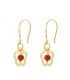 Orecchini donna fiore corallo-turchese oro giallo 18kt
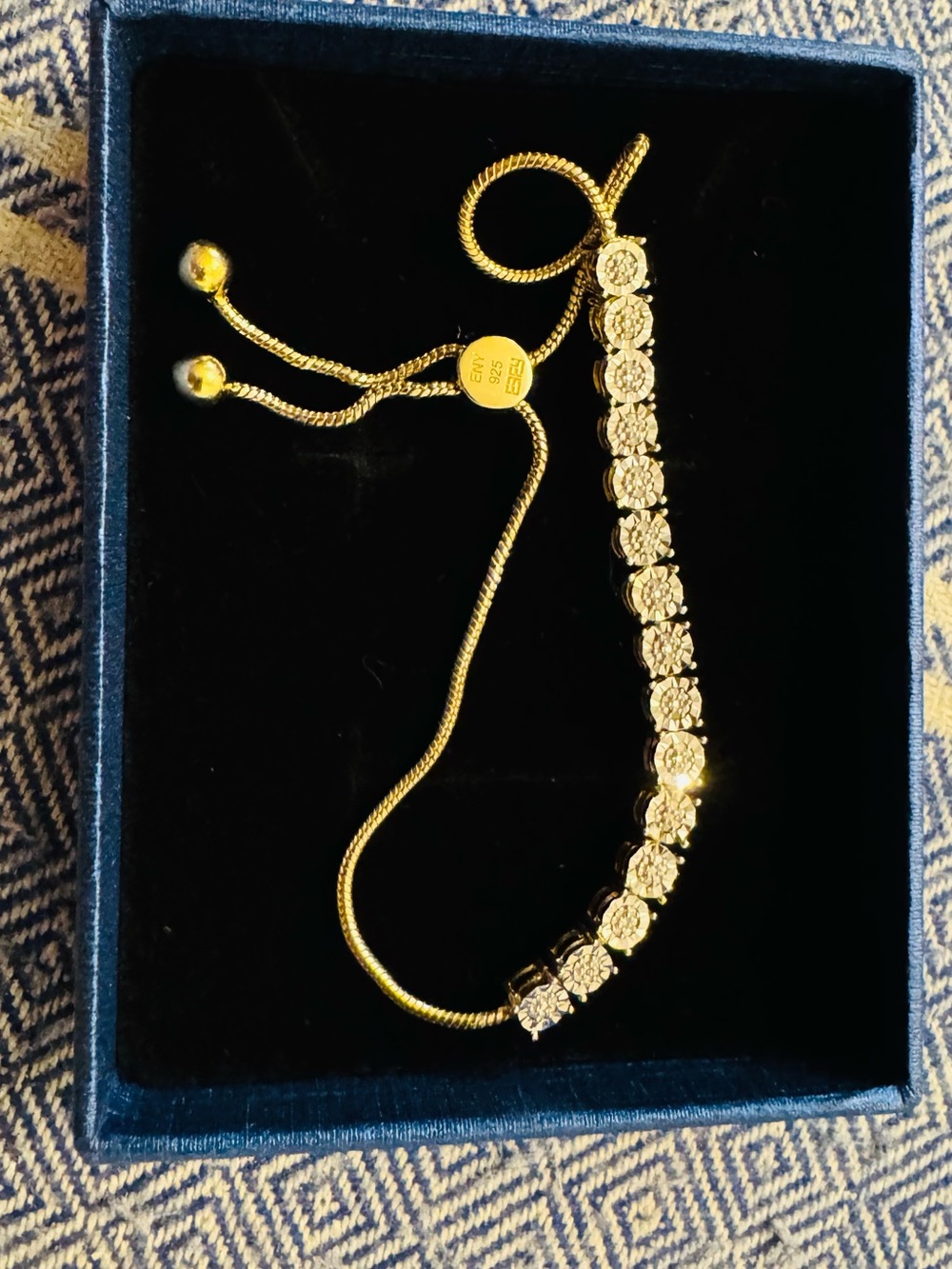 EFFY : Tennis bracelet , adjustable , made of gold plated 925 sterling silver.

--

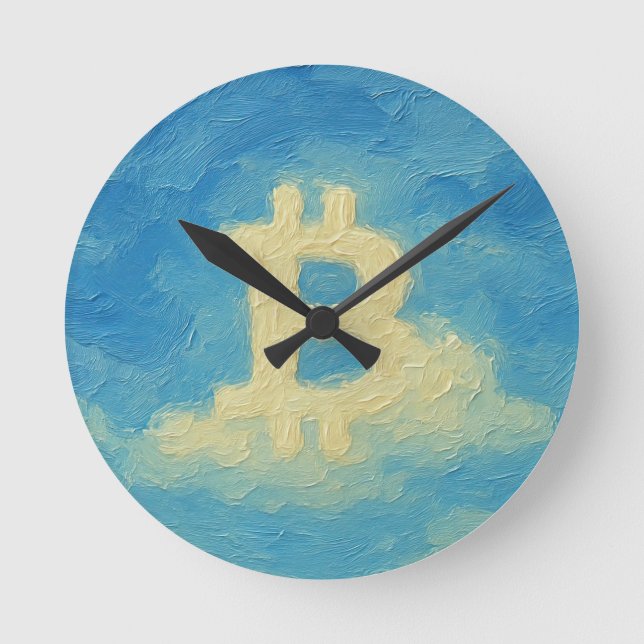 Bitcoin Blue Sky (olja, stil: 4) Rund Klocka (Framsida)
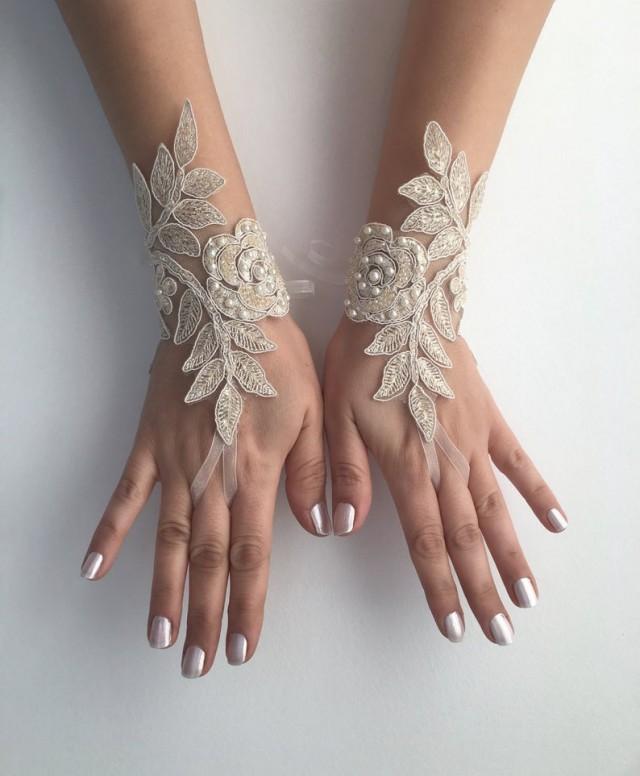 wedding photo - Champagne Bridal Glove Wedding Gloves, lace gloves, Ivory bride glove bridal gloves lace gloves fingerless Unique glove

Work order: Without the pictures, give again exactly the lines above starting at the line containing "Orecchini donna fiore" and ending at the line containing "EFFY : Tennis".

Answer to this problem:
 Orecchini donna fiore corallo-turchese oro giallo 18kt
 EFFY : Tennis bracelet , adjustable , made of gold plated 925 sterling silver.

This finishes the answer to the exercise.